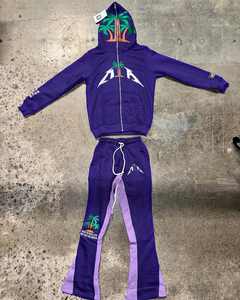 Conjunto acampanado de nuevo diseño para hombre, forro polar grueso, 100% algodón, Sudadera con capucha de dos piezas y pantalones de chándal acampanados, conjunto de joggers apilados para hombre - Product Image 1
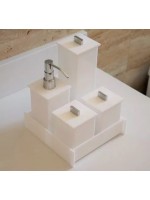 Kit Potes em Acrílico para Banheiro - Branco - Linha Inovar 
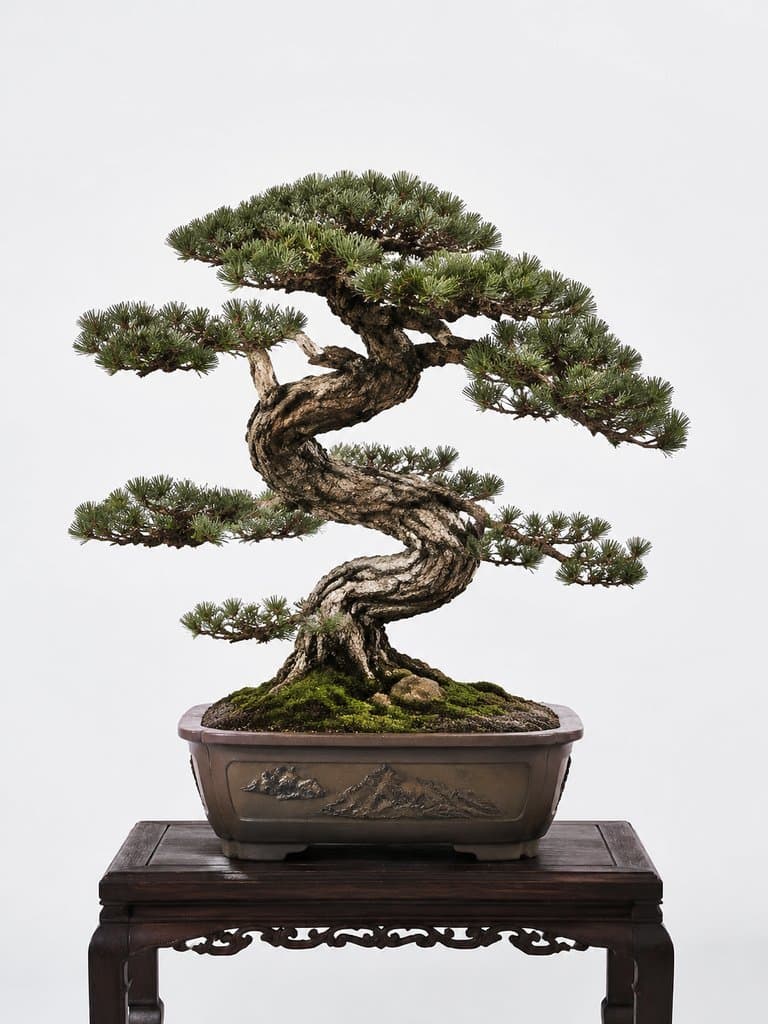虬曲古松盆景，苍劲枝干，青翠针叶，置于雕花陶盆中，古典中式风格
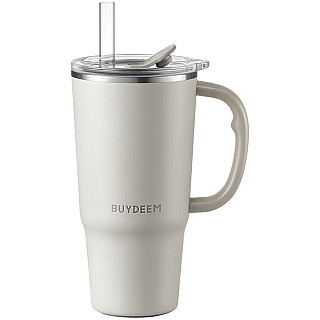 BUYDEEM Kubek termiczny ze з трубочкою 700 ml, DS57, Oat White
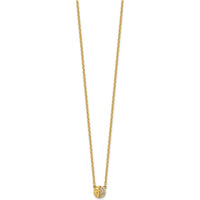 14K Yellow Gold Polished and Hammered 1/20 Carat Diamond Disk Necklace - 18 Inches by Oro Pregiato
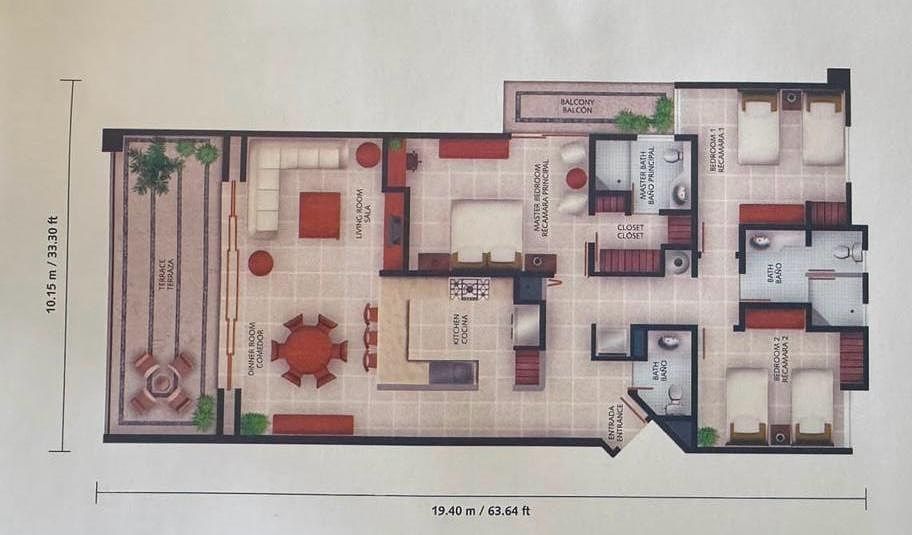 Apartamento em Puerto Aventuras, Playa del Carmen, foto 4 de 14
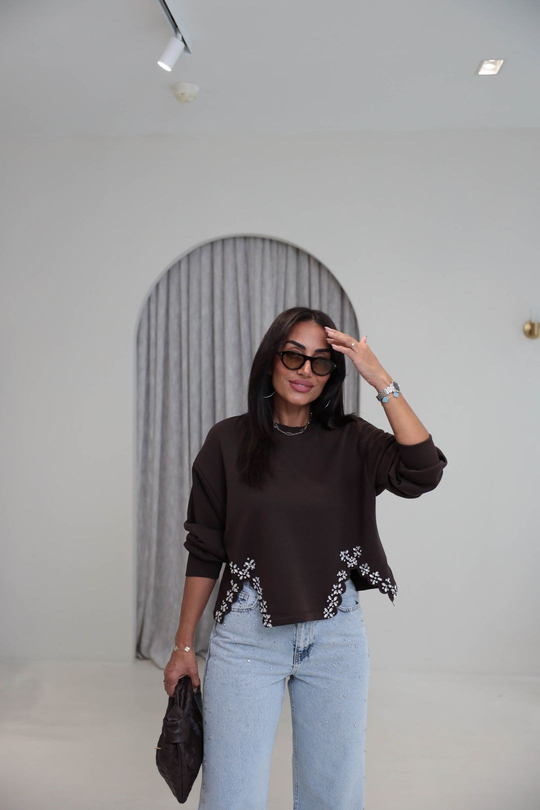 9095 Eteği Taş Süslemeli Pamuklu Sweatshirt KAHVE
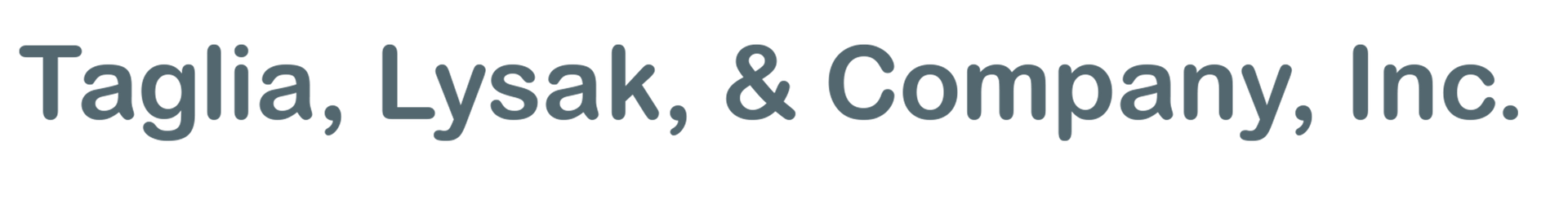 Taglia, Lysak, & Company, Inc. logo in gray text on a white background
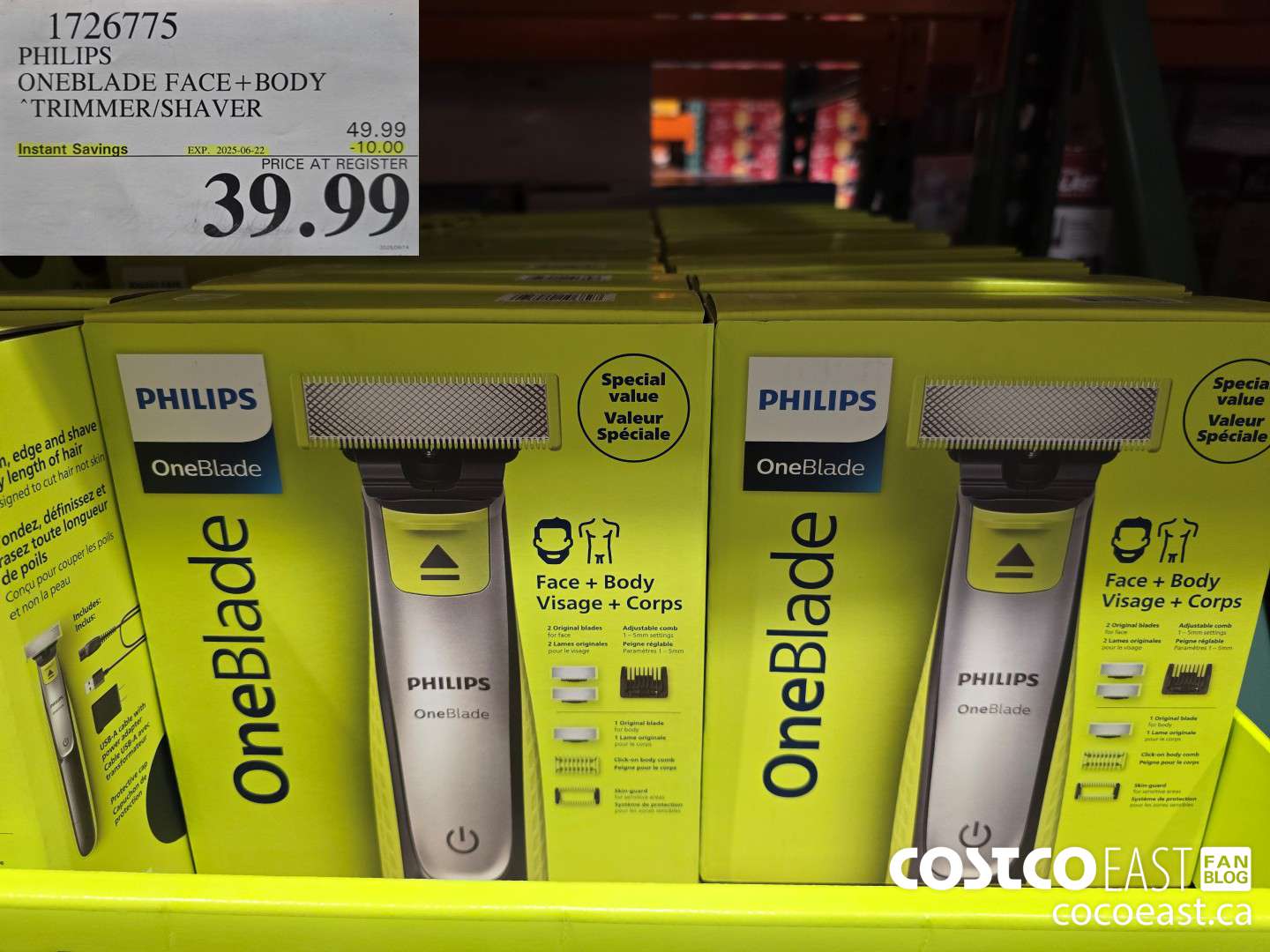 1726775 PHILIPS ONEBLADE FACE+ BODY TRIMMER/SHAVER ($10.00 INSTANT SAVINGS EXPIRES ON 2025-06-22) $39.99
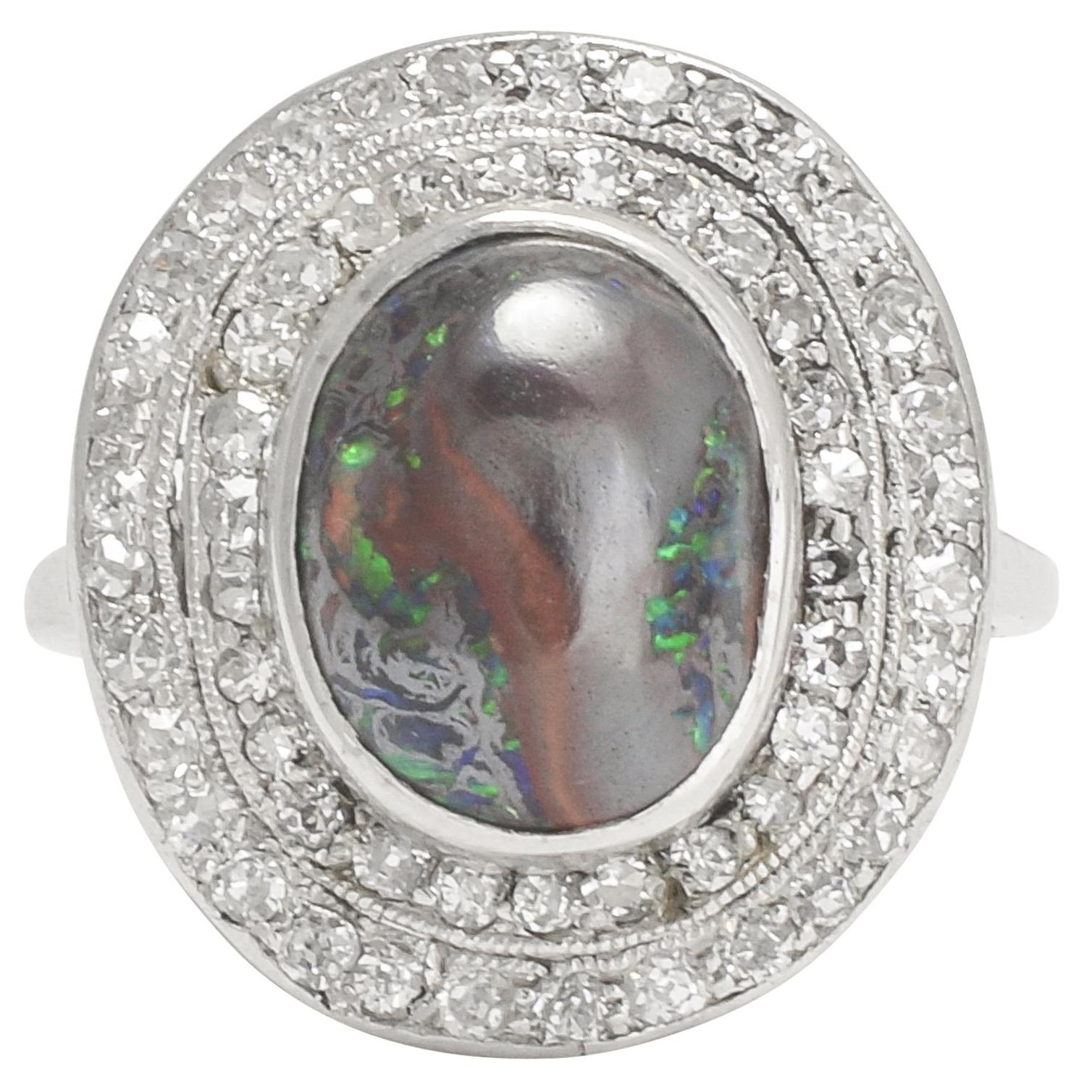 Antique Edwardian Black Opal Diamond Double Halo Cocktail Ring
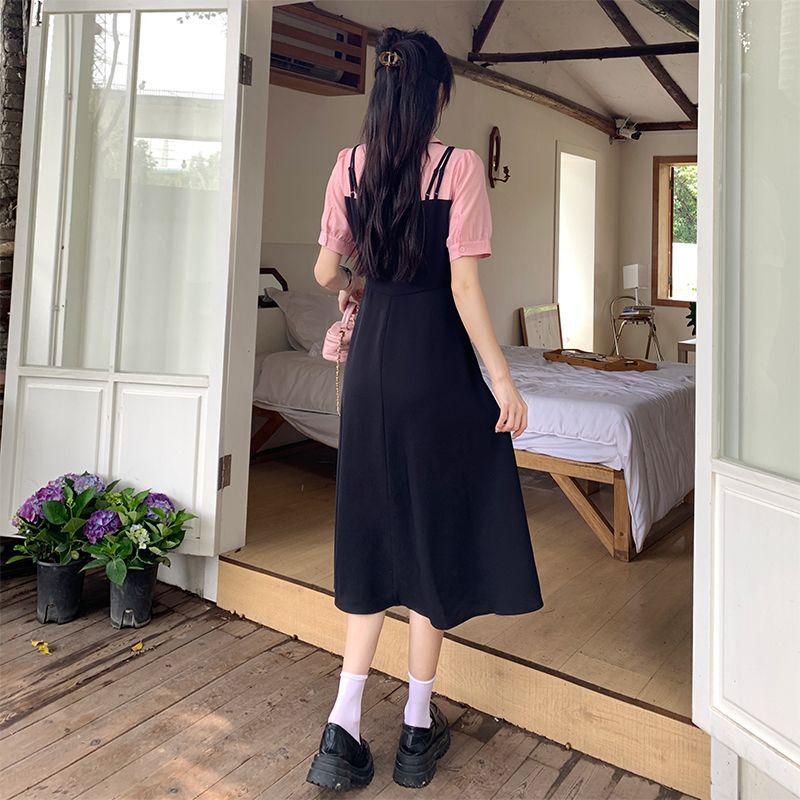 Plus Size Faux Two-Piece Spliced Design Slimming Little Black Dress for a Flattering Summer Look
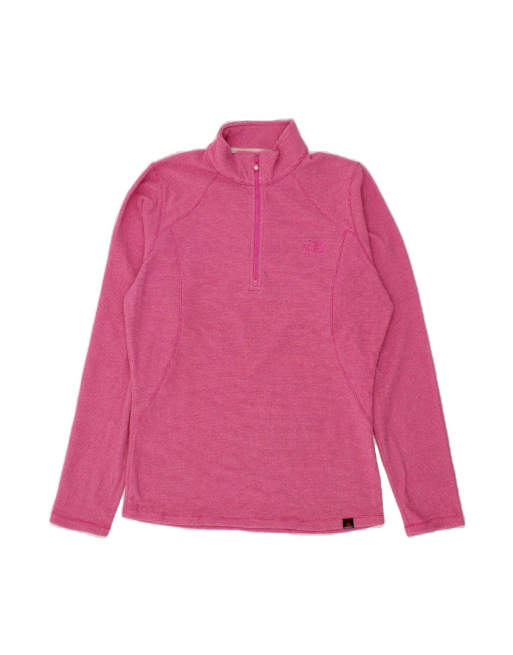 Vintage The North Face Zip Neck Fleece Jumper UK 16 Large In Pink Pinstripe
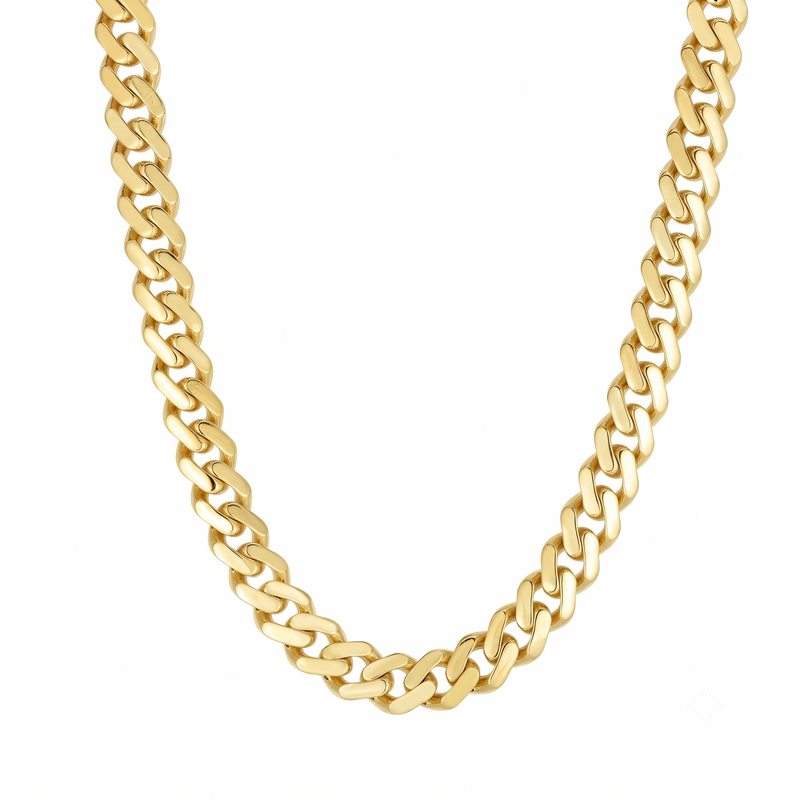 14K Yellow Gold Lite Miami Cuban Chain Necklace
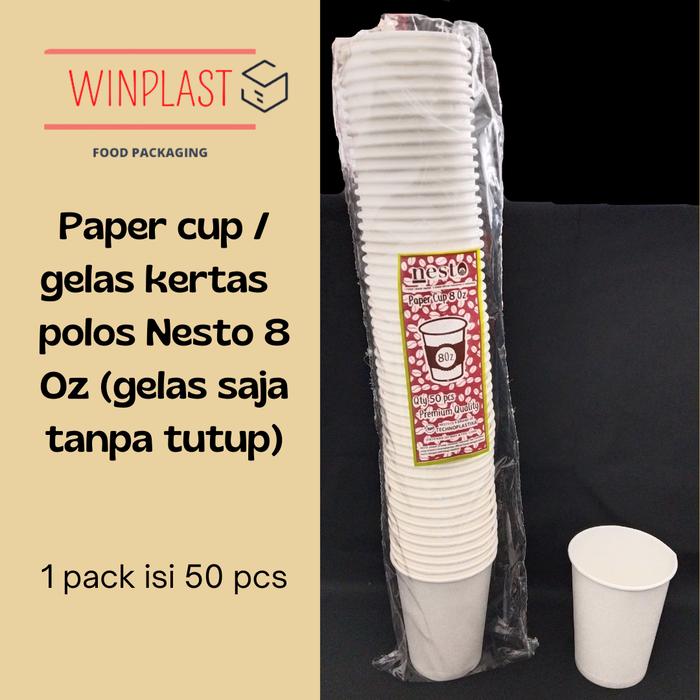 Jual Nesto Paper Cup / Gelas Kertas Polos 8 Oz isi 50 pcs - Kota ...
────────────────────
--- Aim of the exercise ---
Copy out the data above to the letter, and keep every picture out of it.

--- Problem solution ---
 Conjunto acampanado de nuevo diseño para hombre, forro polar grueso, 100% algodón, Sudadera con capucha de dos piezas y pantalones de chándal acampanados, conjunto de joggers apilados para hombre - Product Image 1
 Kit Potes em Acrílico para Banheiro - Branco - Linha Inovar 
虬曲古松盆景，苍劲枝干，青翠针叶，置于雕花陶盆中，古典中式风格
 BUYDEEM Kubek termiczny ze з трубочкою 700 ml, DS57, Oat White
 14K Yellow Gold Polished and Hammered 1/20 Carat Diamond Disk Necklace - 18 Inches by Oro Pregiato
 Apartamento em Puerto Aventuras, Playa del Carmen, foto 4 de 14
 9095 Eteği Taş Süslemeli Pamuklu Sweatshirt KAHVE
 Taglia, Lysak, & Company, Inc. logo in gray text on a white background
 1726775 PHILIPS ONEBLADE FACE+ BODY TRIMMER/SHAVER ($10.00 INSTANT SAVINGS EXPIRES ON 2025-06-22) $39.99
 Antique Edwardian Black Opal Diamond Double Halo Cocktail Ring
 Plus Size Faux Two-Piece Spliced Design Slimming Little Black Dress for a Flattering Summer Look
 Vintage The North Face Zip Neck Fleece Jumper UK 16 Large In Pink Pinstripe
 14K Yellow Gold Lite Miami Cuban Chain Necklace
 Jual Nesto Paper Cup / Gelas Kertas Polos 8 Oz isi 50 pcs - Kota ...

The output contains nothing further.